Bright, quiet winters snowed in and baking bread together, sitting around the woodstove, each of us silently reading. Summers resonant with the hum and staggered harmony of insects. The meadow in front of our house growing tall and strange from the warm rain. Swimming in the river and tending our vegetable garden. Alice could talk pretty well when we moved, and she loved the sounds, imitated them. Never herself, she was a frog, a mermaid, a bird. Radiant fall spent roasting and canning peppers with the smell of wood smoke on the cool air. And spring: Alice’s favorite time in the world, when everything comes back to life and it’s warm, with patches of snow, and we would wear shorts and big rubber boots and celebrate the first snowbells and crocuses. The air was lush and still cold and smelled like mud. Alice loved to run along the mowed path all the way to the river. In those early summers she was no taller than the goldenrod, just a head above the jack-in-the-pulpit that flanked the trails between the barn and woods. She loved to climb in the exposed roots of trees along the pebbled riverbank and collect stones and dried skeletons of crayfish. She was fearless.

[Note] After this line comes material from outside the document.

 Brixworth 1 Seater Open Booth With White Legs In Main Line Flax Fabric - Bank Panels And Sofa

We expected after a few years our friends would come, build, plant. Once Constant had made the money he wanted, once Michelle had finished her assignment, we would get back to the land, we would live and drink and work by the ideals we’d always had. Mutual Aid, No Boredom.

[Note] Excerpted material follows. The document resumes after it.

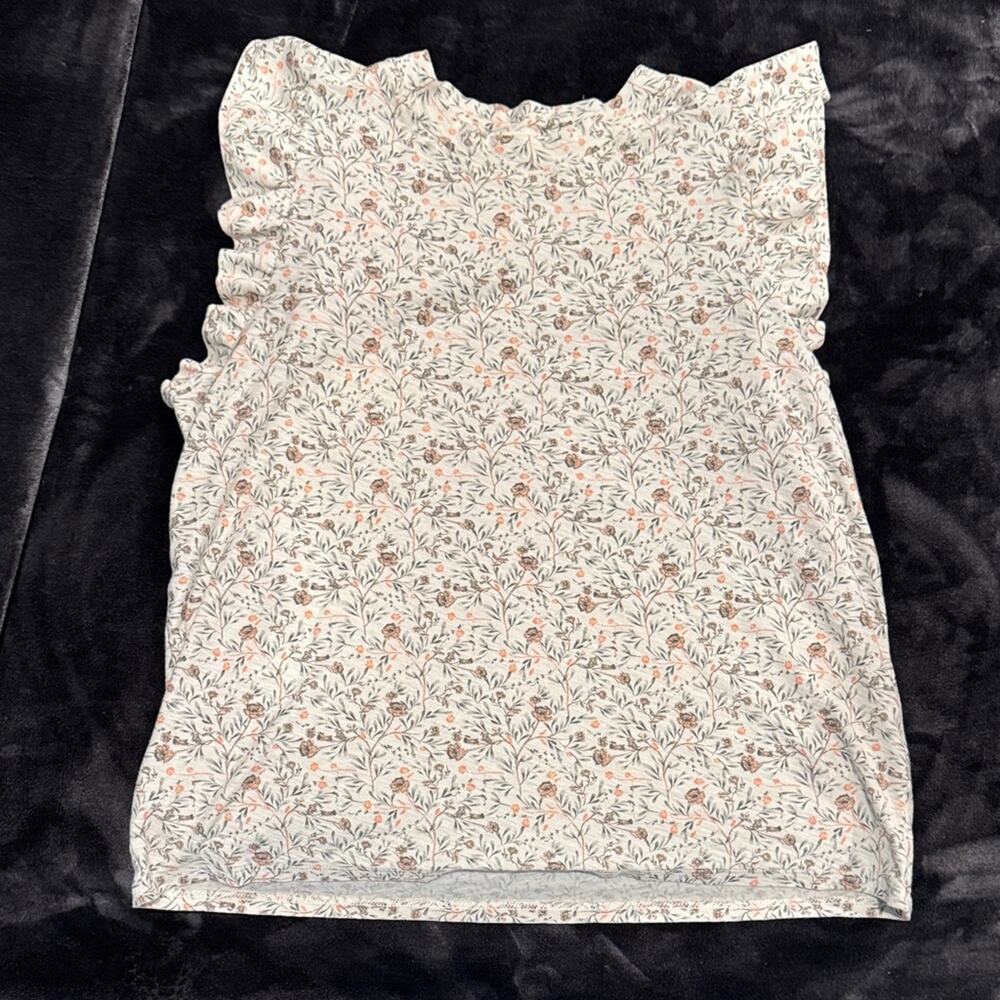 Nation LTD Floral Ruffle Blouse - Pink and White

We expected, when Alice was bigger, we’d have enough money to have a real farm and for me to go back to some kind of practice. But these things never happened, and paying attention to the darker aspects of the obvious became a bad way to live if we wanted to stay happy and make friends.
Sleep had won out at last. We moved through our days in Haeden in a somnolent kind of daze, blithe when our senses called for panic, blind to our deepest fear, even as it lay, naked among the tall weeds, waiting.